Des groupes armés de pelles et de pioches creusent le sol à côté d’un amas de corps (…). Le tambour bat, deux compagnies prussiennes viennent s’aligner en armes des deux côtés du trou béant ; à l’une des extrémités, un prêtre en surplis et un pasteur luthérien prononcent l’un après l’autre, les prières de la liturgie allemande. Au signal donné par un roulement de tambour, officiers et soldats abaissent leurs armes et les fossoyeurs laissent rouler dans la fosse profonde ces dépouilles mortelles, confondues dans un éternel repos sous la même terre bénie…

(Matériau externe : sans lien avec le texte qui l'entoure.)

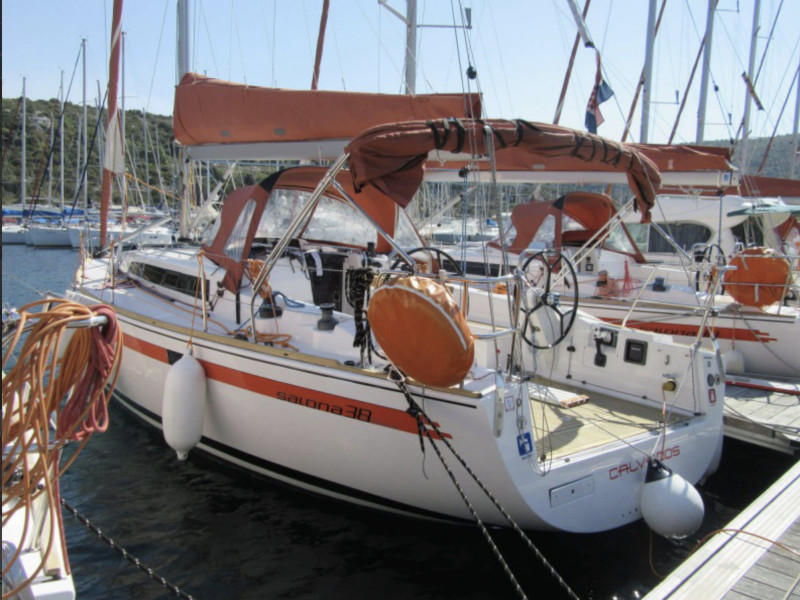 Salona 38 “Champagne“, Izola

Émile Delmas, De Froeschwiller à Paris, Notes prises sur les champs de bataille.
Paris : Alphonse Lemerre Éditeur, 1871
Le bilan des combats est lourd , environ 10 000 tués du côté français (1 soldat sur 4) et 10 600 du côté allemand (1 soldat sur 8). Faute de véhicules de transport suffisants, les Français ne peuvent pas s’occuper de tous leurs blessés. Ce sont les services sanitaires allemands qui s’en chargent. Tous les bâtiments susceptibles d’accueillir des blessés sont réquisitionnés. Des brancardiers allemands et des civils ramassent les blessés.

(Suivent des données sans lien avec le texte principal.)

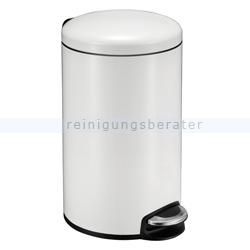 Treteimer EKO Maggey Step Bin Mülleimer 20 L weiß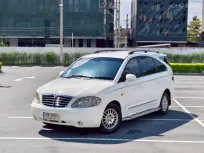Ssangyong Stavic 2.7 SV270 4WD ปี 2010 รถสวยพร้อมใช้งาน ไมล์น้อย 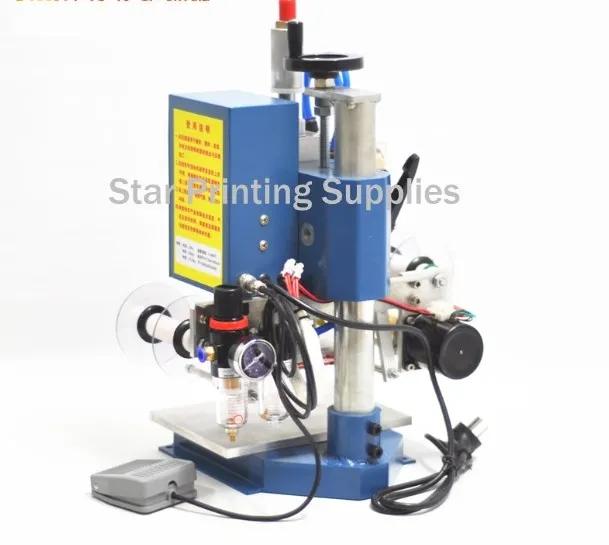 pneumatic hot stamping machine 4_conew1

Avant les batailles, certaines familles ont quitté leur village souvent sans vivres et sans argent. Les autres se terrent dans les caves. Après les batailles, les soldats allemands s’en prennent à la population civile et pillent caves et greniers. Certains villageois suspectés d’avoir aidé les Français sont pris en otage. La population civile est enfin réquisitionnée pour enterrer les cadavres des hommes et des chevaux (qui se décomposent rapidement en raison de la forte chaleur) et nettoyer les prés et les champs.